To do:
The records below must be repeated exactly, but without their pictures.

Provided information:
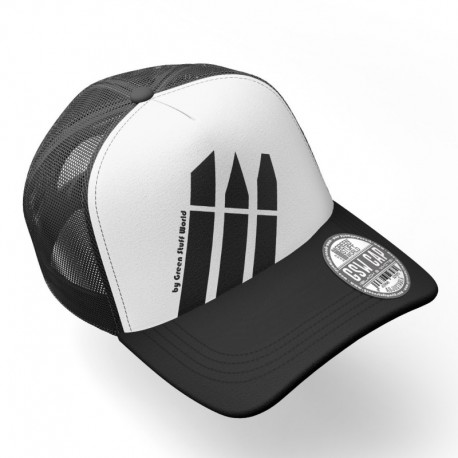 Casquette trucker carré GSW Blanche/Noire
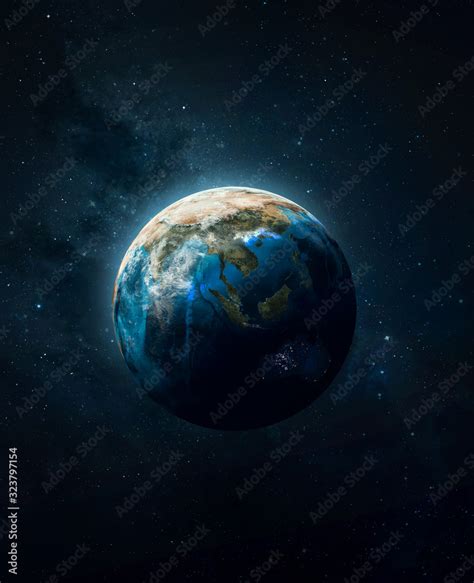 Earth planet ball in the deep space. Sci-fi wallpaper. Blue ocean and ...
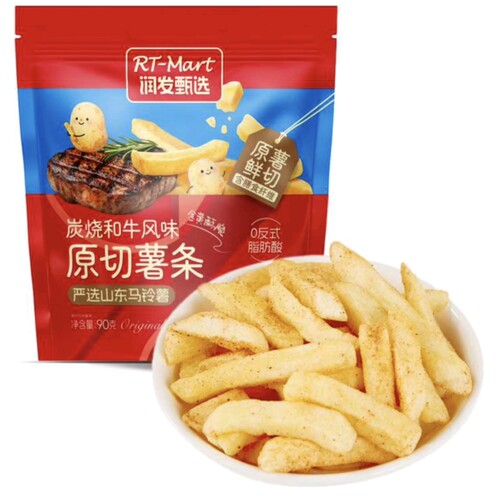 大润发代购RT-Mart经典盐味原切薯条90g炭烧和牛风味原切薯条90g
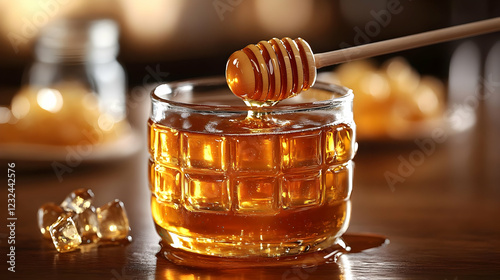 Golden honey dripping from ...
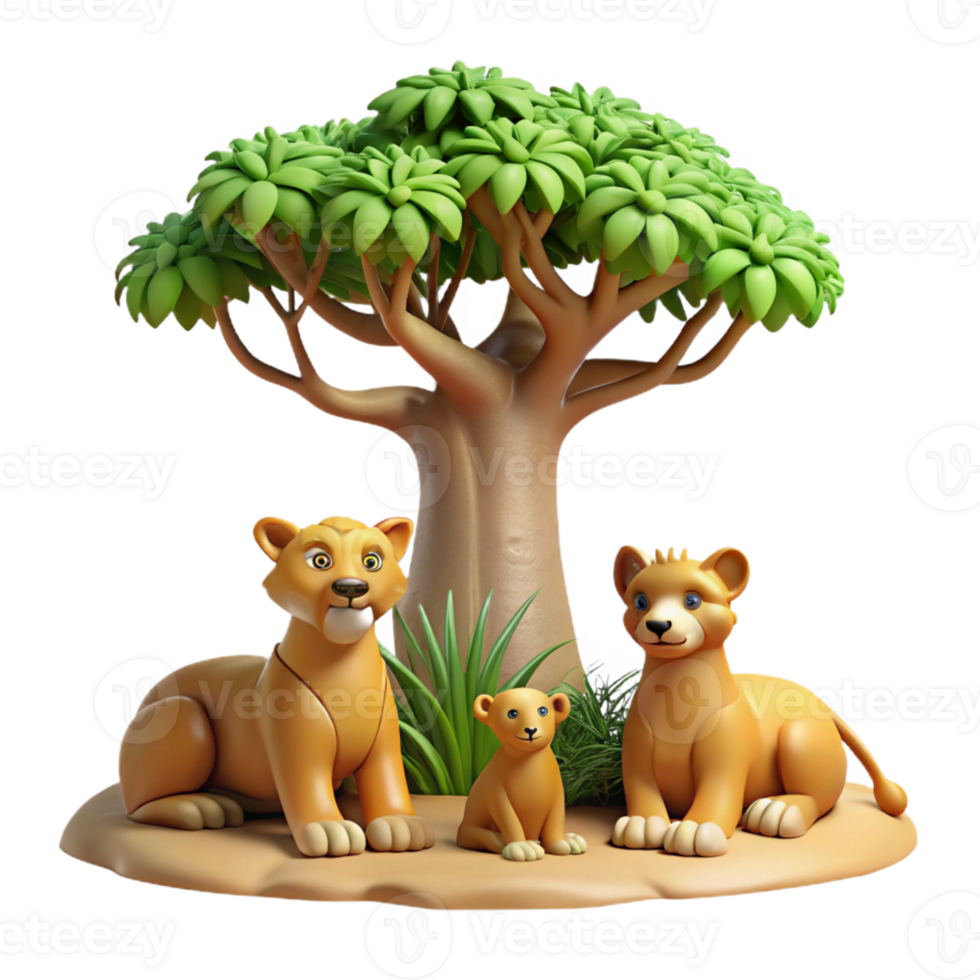 Cute Lion Family Under a Tree png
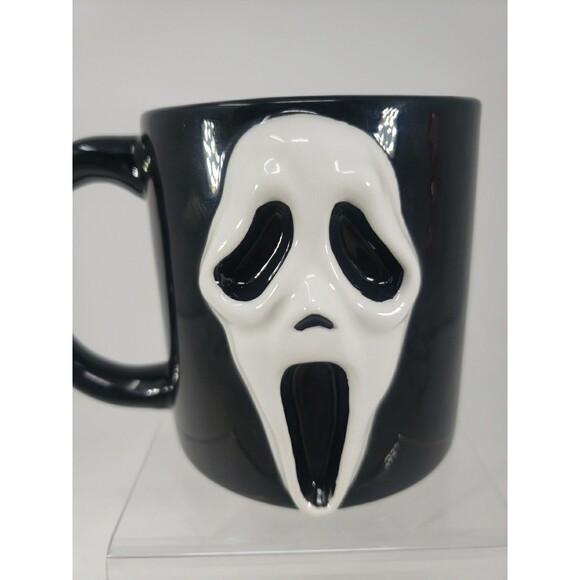 Ghost Face Coffee Mug Black White ICON of Halloween Bioworld 16 oz Scary Spooky - Picture 2 of 13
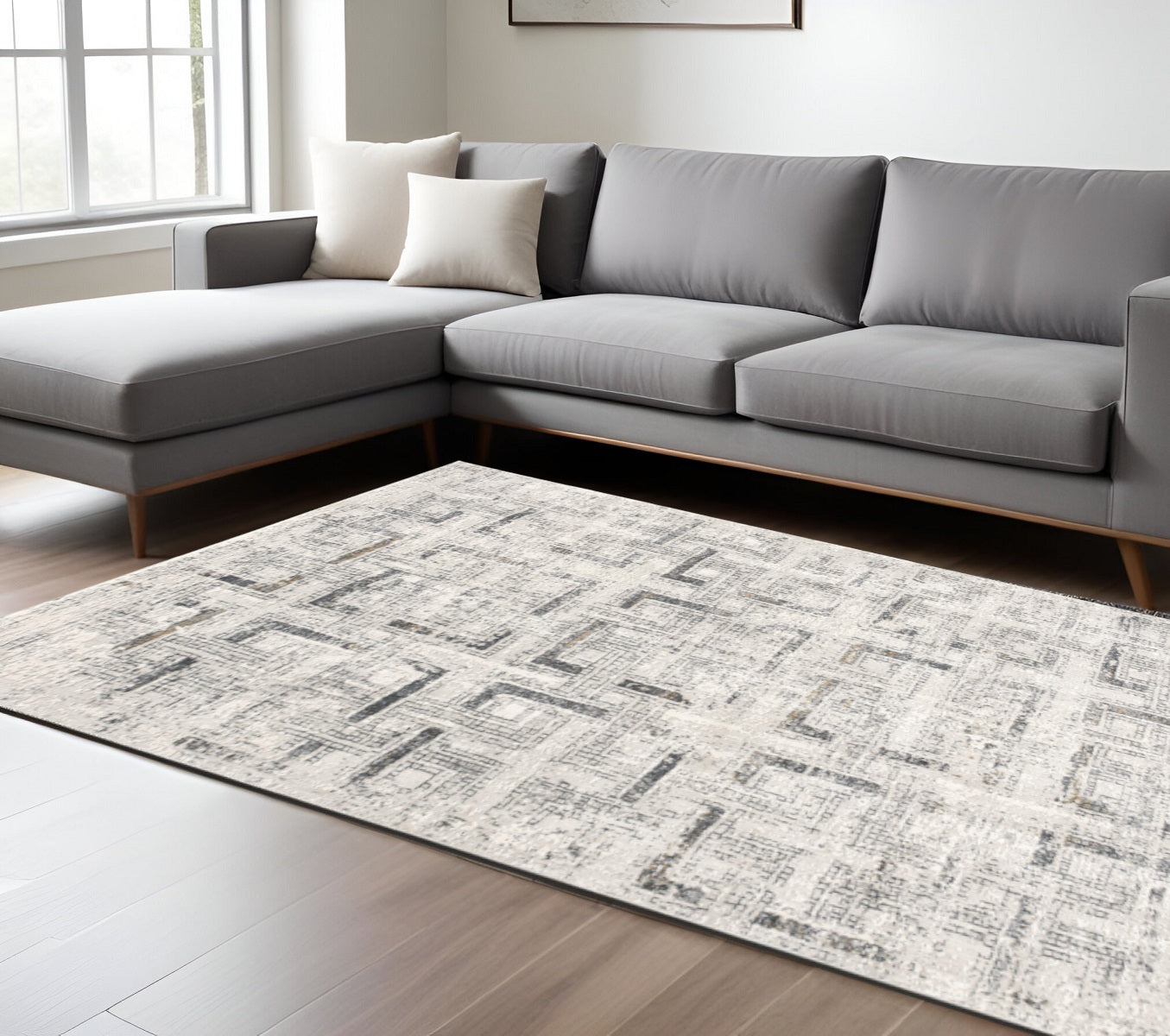 4' X 6' Gray and Ivory Abstract Power Loom Area Rug-Area Rugs-DECOROLALA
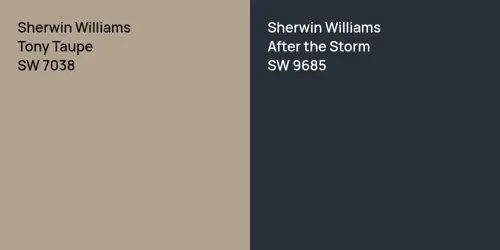 SW 7038 Tony Taupe vs SW 9685 After the Storm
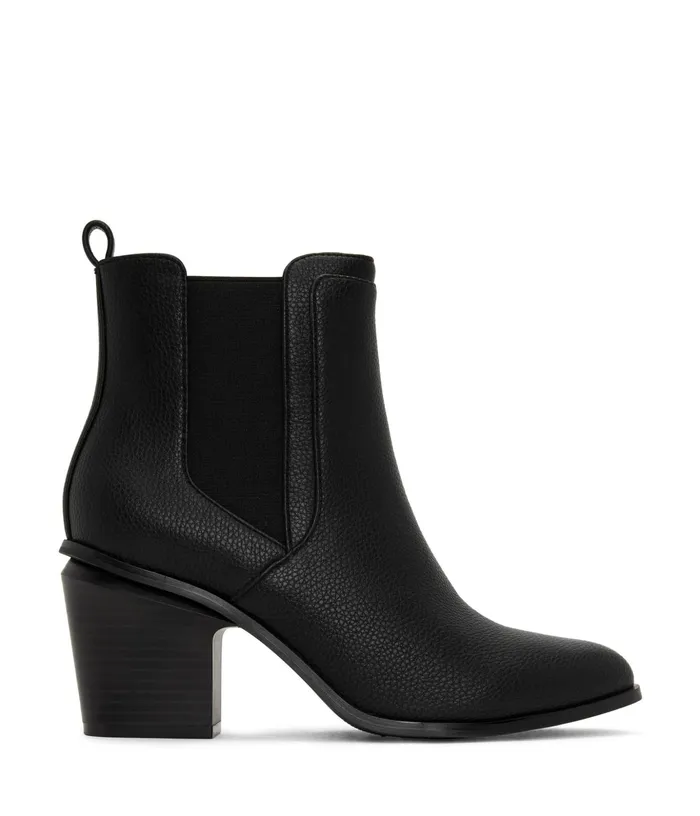 Women Kalista Vegan Mid Heel Boots Black Matt and Nat Heels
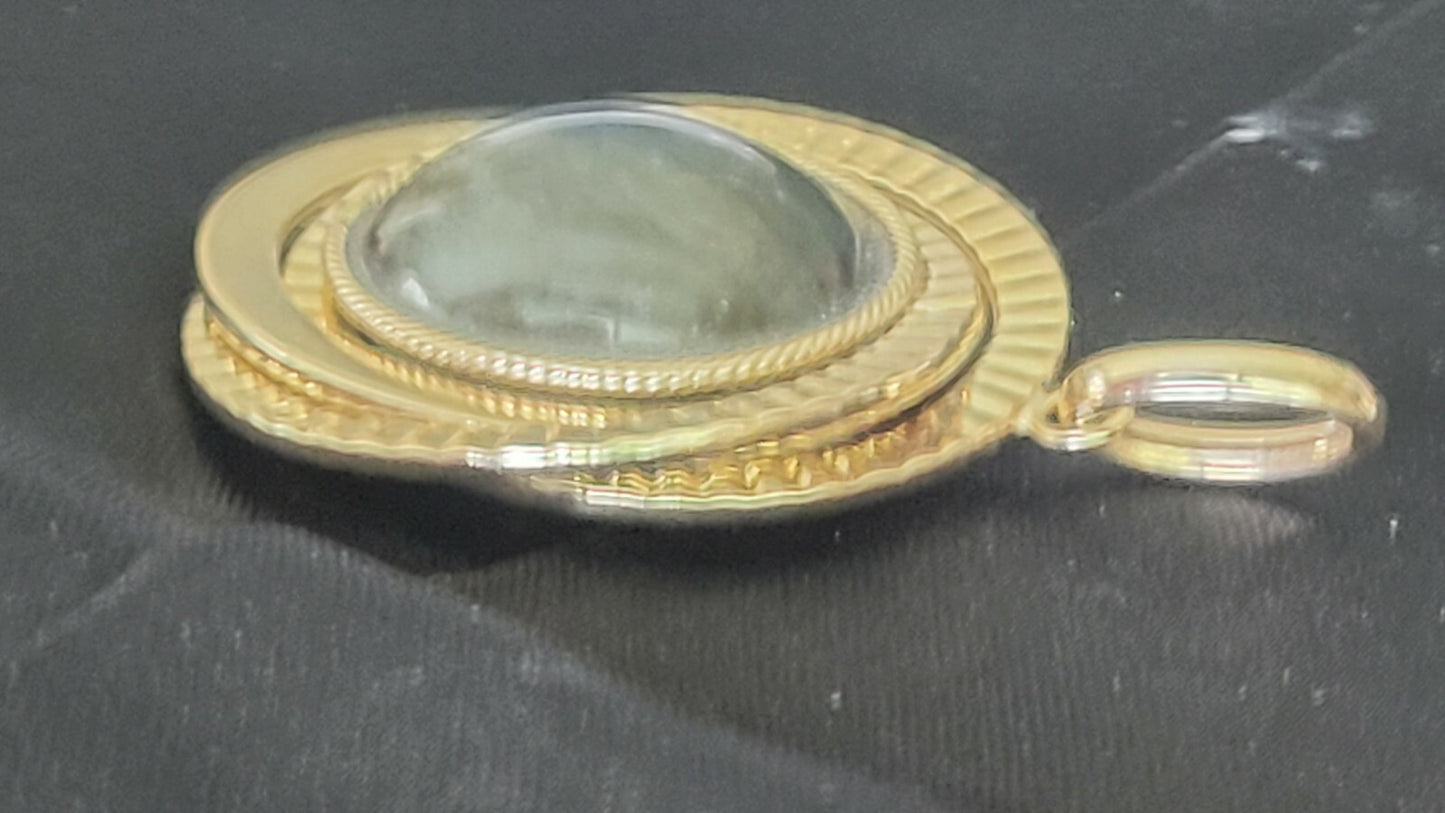 Italian Gold Reversible Druzy Quartz Labradorite Pendant 14K MSRP $595 8.3 grams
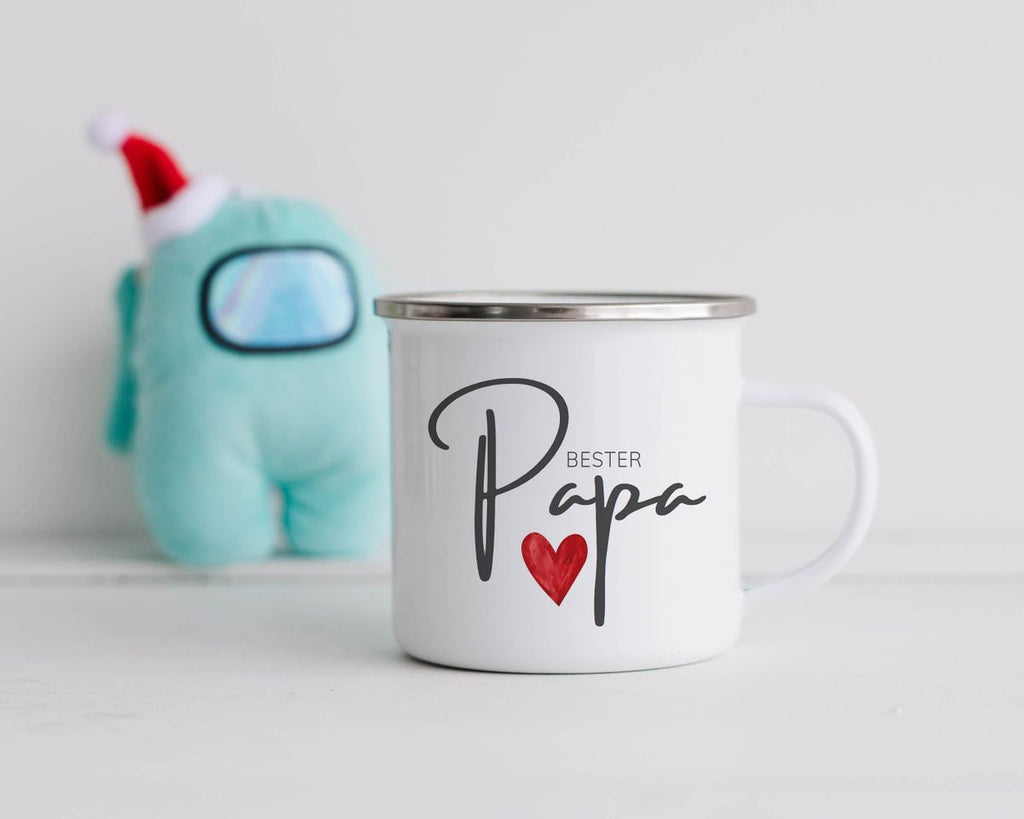 Emaille Tasse Bester Papa mit Herz - von Mikalino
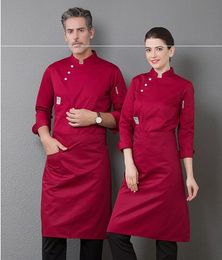 Food Service Jacket Restaurant Chef Clothing Hotel Kitchen Workwear Breathable Cooks Uniforms Long Sleeve Catering Overalls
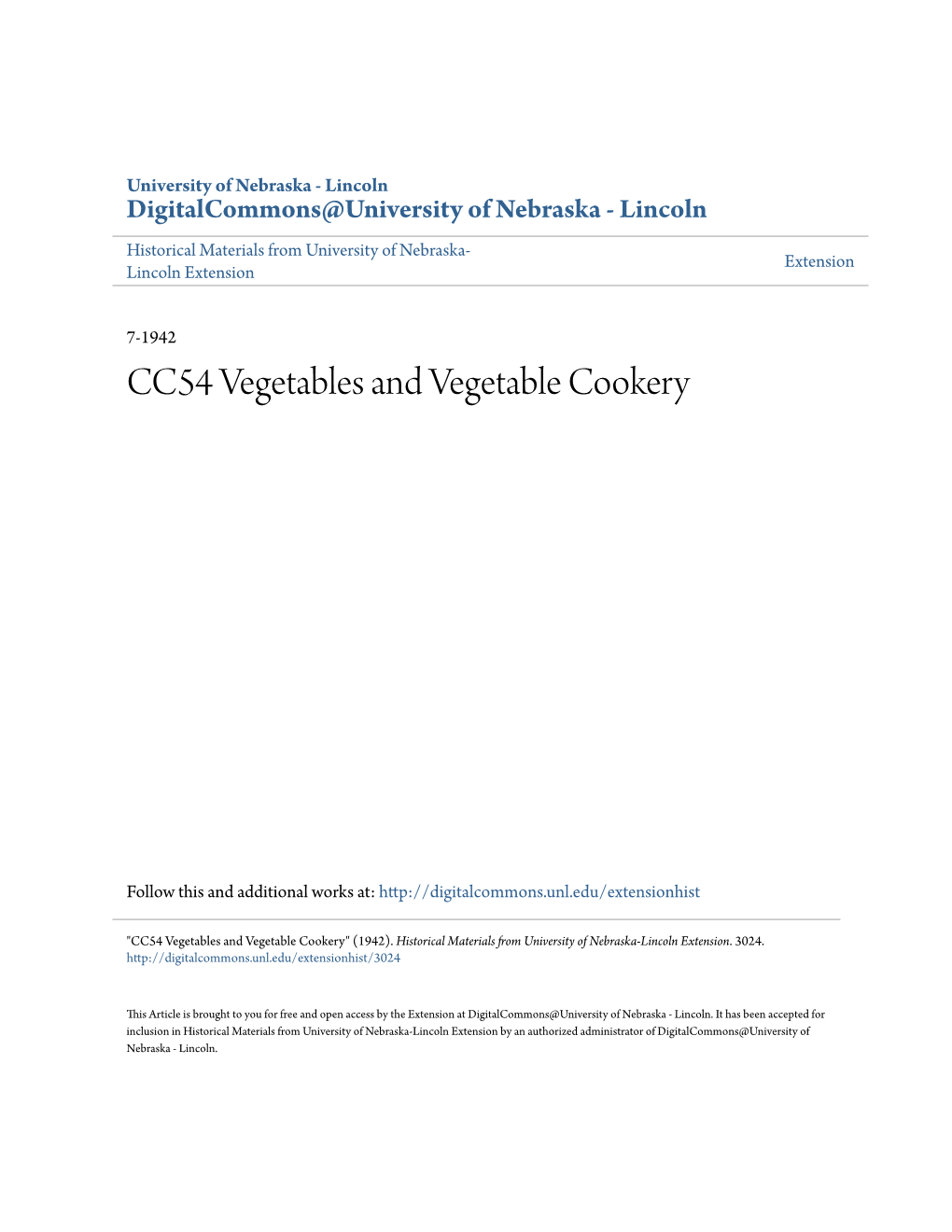 CC54 Vegetables and Vegetable Cookery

Result below:
 Casquette trucker carré GSW Blanche/Noire
 Earth planet ball in the deep space. Sci-fi wallpaper. Blue ocean and ...
 大润发代购RT-Mart经典盐味原切薯条90g炭烧和牛风味原切薯条90g
 Golden honey dripping from ...
 Cute Lion Family Under a Tree png
 Ghost Face Coffee Mug Black White ICON of Halloween Bioworld 16 oz Scary Spooky - Picture 2 of 13
 4' X 6' Gray and Ivory Abstract Power Loom Area Rug-Area Rugs-DECOROLALA
 SW 7038 Tony Taupe vs SW 9685 After the Storm
 Women Kalista Vegan Mid Heel Boots Black Matt and Nat Heels
 Italian Gold Reversible Druzy Quartz Labradorite Pendant 14K MSRP $595 8.3 grams
 Emaille Tasse Bester Papa mit Herz - von Mikalino
 Food Service Jacket Restaurant Chef Clothing Hotel Kitchen Workwear Breathable Cooks Uniforms Long Sleeve Catering Overalls
 CC54 Vegetables and Vegetable Cookery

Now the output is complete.